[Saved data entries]
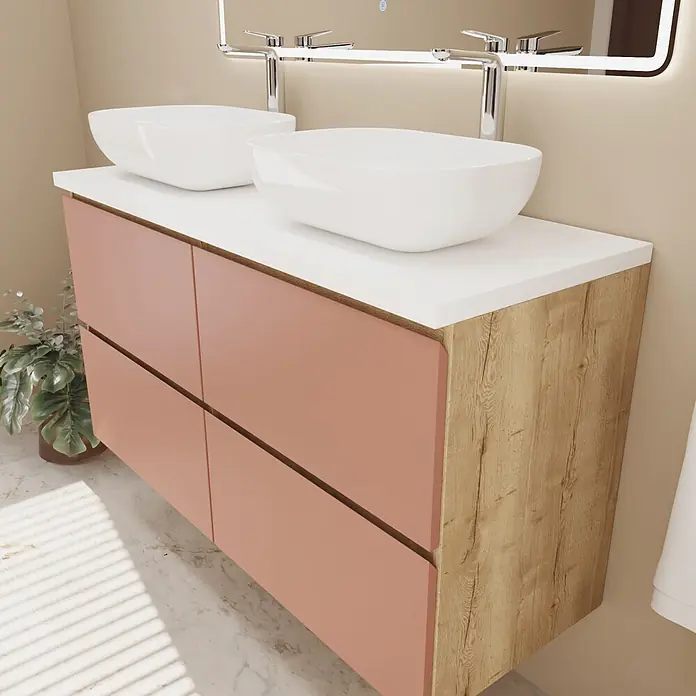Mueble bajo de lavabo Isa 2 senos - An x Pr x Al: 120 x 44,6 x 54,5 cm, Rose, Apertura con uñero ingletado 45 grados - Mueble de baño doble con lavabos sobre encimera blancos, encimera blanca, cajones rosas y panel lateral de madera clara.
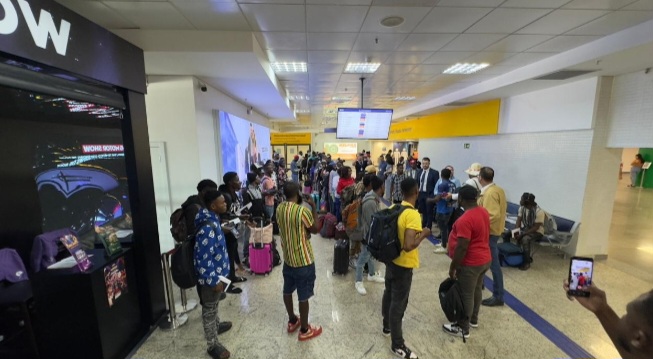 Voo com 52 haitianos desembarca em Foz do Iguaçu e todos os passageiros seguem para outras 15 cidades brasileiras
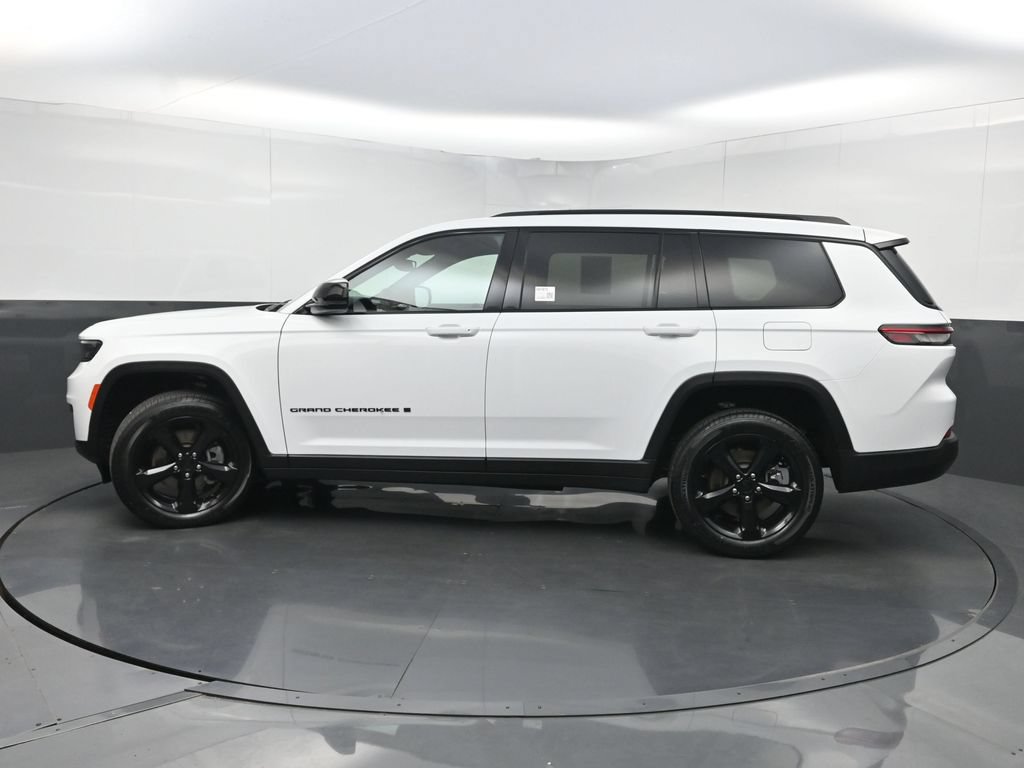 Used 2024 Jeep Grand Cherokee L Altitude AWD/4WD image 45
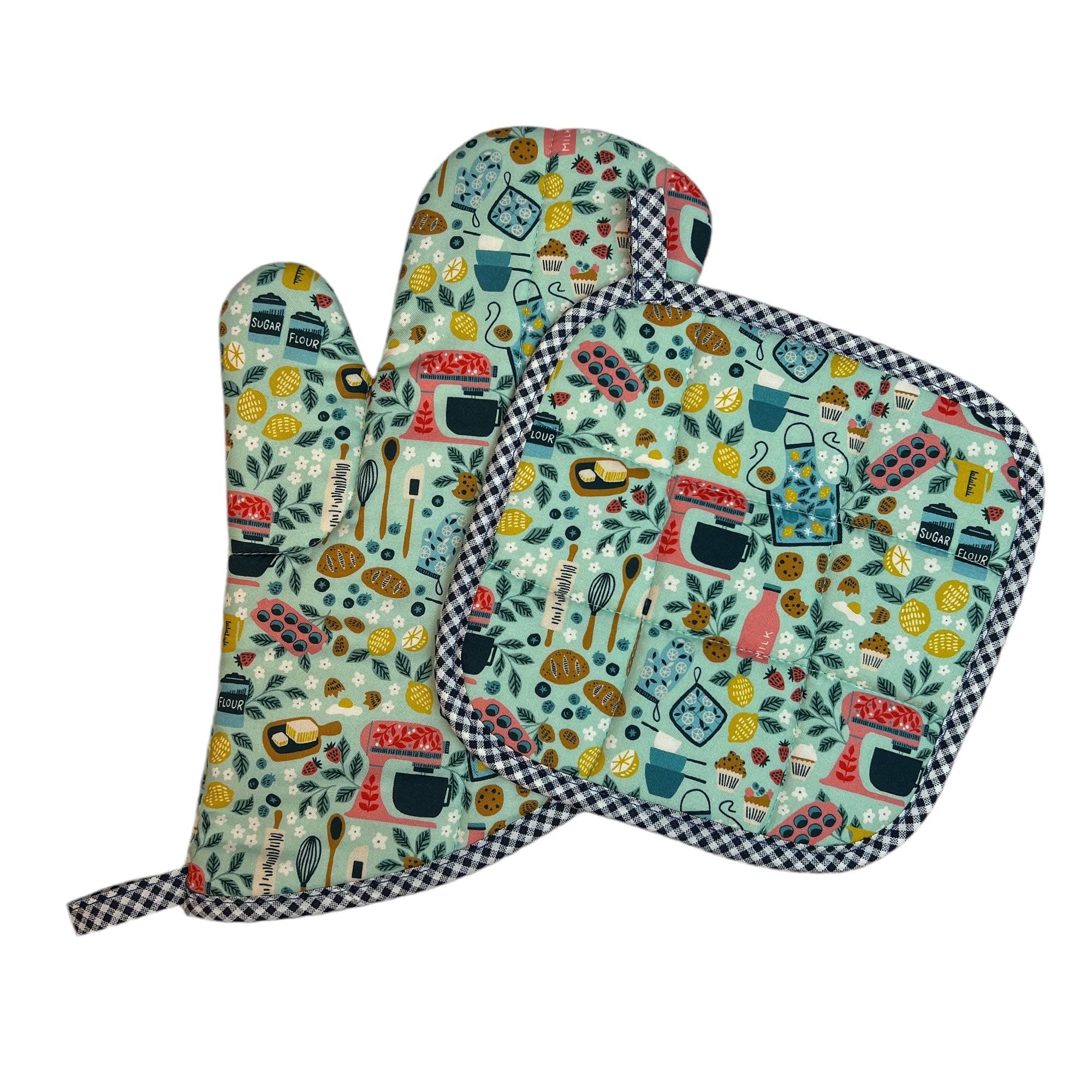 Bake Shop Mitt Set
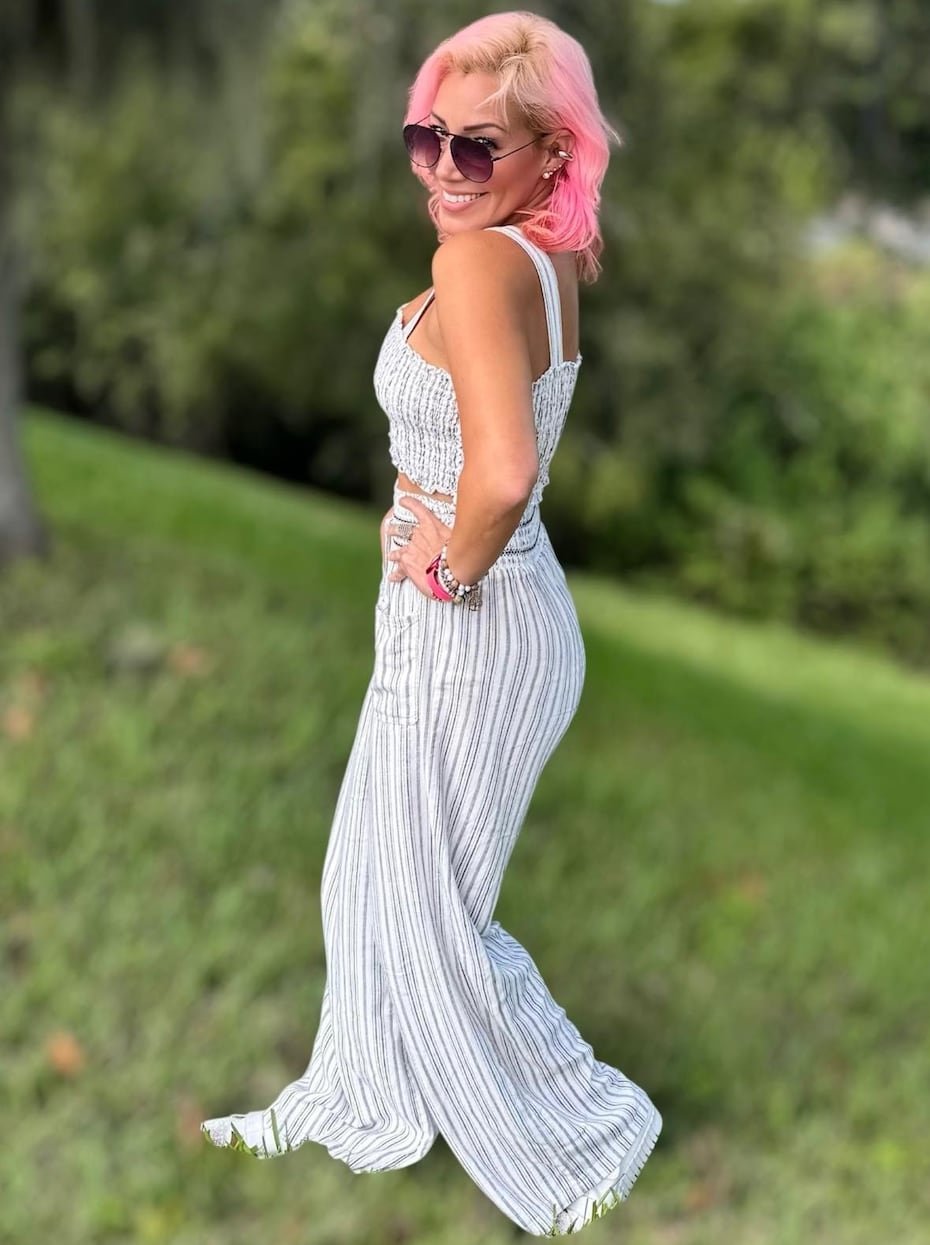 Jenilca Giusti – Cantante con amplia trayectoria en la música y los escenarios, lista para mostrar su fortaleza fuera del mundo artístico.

**ABOUT THIS EXERCISE:**
Although the records contain pictures, print only the rest, exactly as written.

**FINAL ANSWER:**
Mueble bajo de lavabo Isa 2 senos - An x Pr x Al: 120 x 44,6 x 54,5 cm, Rose, Apertura con uñero ingletado 45 grados - Mueble de baño doble con lavabos sobre encimera blancos, encimera blanca, cajones rosas y panel lateral de madera clara.
 Voo com 52 haitianos desembarca em Foz do Iguaçu e todos os passageiros seguem para outras 15 cidades brasileiras
 Used 2024 Jeep Grand Cherokee L Altitude AWD/4WD image 45
 Bake Shop Mitt Set
 Jenilca Giusti – Cantante con amplia trayectoria en la música y los escenarios, lista para mostrar su fortaleza fuera del mundo artístico.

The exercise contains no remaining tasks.